Non so se aumenteranno, di certo non diminuiranno vista la naturale propensione all'aumentare di numero. Poi credo che postare o meno non dipenda dal @gentoo.org (anche se fa più figo  :Razz: ) o dal @yahoogroups.quello.che.è finale, ma da noi. La ML @gentoo.org potrebbe aumentare la visibilità nei confronti dei nuovi, che magari conoscono le risorse tramite il sito ufficiale.

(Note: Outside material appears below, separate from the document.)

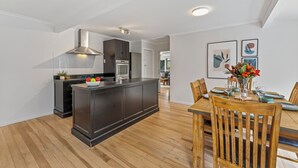 A modern kitchen with dark cabinetry, a central island, and a dining area with wooden chairs and a table. - Family Fun Haven (Taupo)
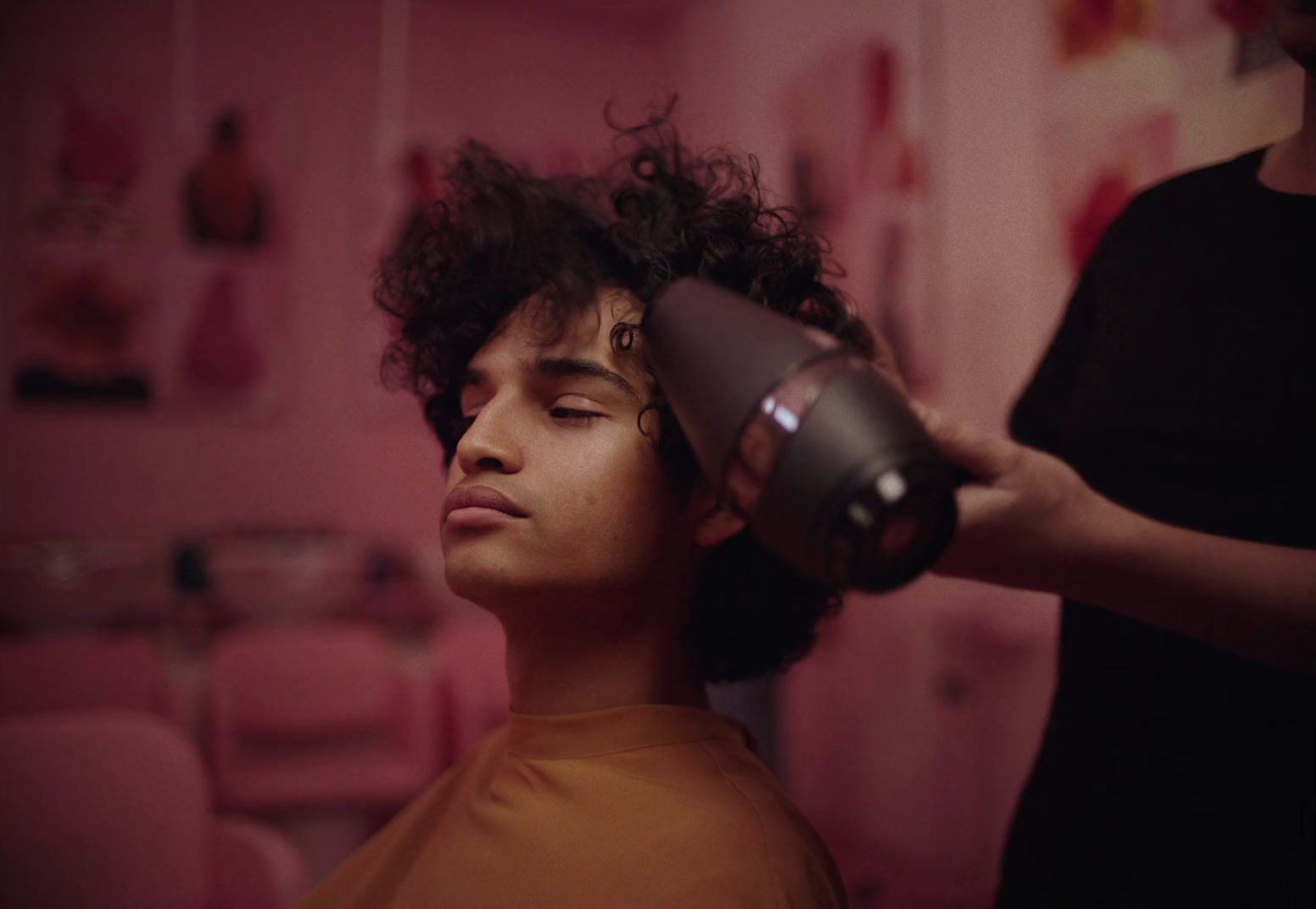 a woman blow drying a man's hair with a blow dryer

Il grosso "limite" alla ML è questo forum veramente molto disponibile e pratico.  :Very Happy: 

----------

## bsolar

 *Shev wrote:*   

> Il grosso "limite" alla ML è questo forum veramente molto disponibile e pratico. 

 

Se volete comincio a trattarvi peggio...  :Twisted Evil: 

----------

## BlueRaven

 *Shev wrote:*   

> Il grosso "limite" alla ML è questo forum veramente molto disponibile e pratico. 

 

Rispetto alla ML, il forum ha il grosso vantaggio di essere alla portata anche dei meno esperti, permettendo a tutti di partecipare.  :Cool: 

Ma la comodità di una mailing list, IMHO, è inarrivabile.

----------

## leon_73

Ciao a tutti,

Mi e' capitato di vedere ingiro per i forum la possibilita' di fare una specie di polling. Che ne pensate di far scegliere ai vari utenti del forum e avvisare tutti quelli della mailing list  :Wink: 

Personalmente anche io sono a favore della ML "ufficiale". semplicemente per una questione di ordine...

Leo

----------

## m.mascherpa

 *leon_73 wrote:*   

> Ciao a tutti,
> 
> Mi e' capitato di vedere ingiro per i forum la possibilita' di fare una specie di polling. Che ne pensate di far scegliere ai vari utenti del forum e avvisare tutti quelli della mailing list 
> 
> Personalmente anche io sono a favore della ML "ufficiale". semplicemente per una questione di ordine...
> ...

 

era ciò che stavo per proporre e mi sembra la soluzione migliore  :Smile: 

oltretutto si tratta solo di una questione di forma. credo che ogni

utente italiano sappia come iscriversi alla ML già esistente dopo

una rapida visita al forum  :Smile: 

----------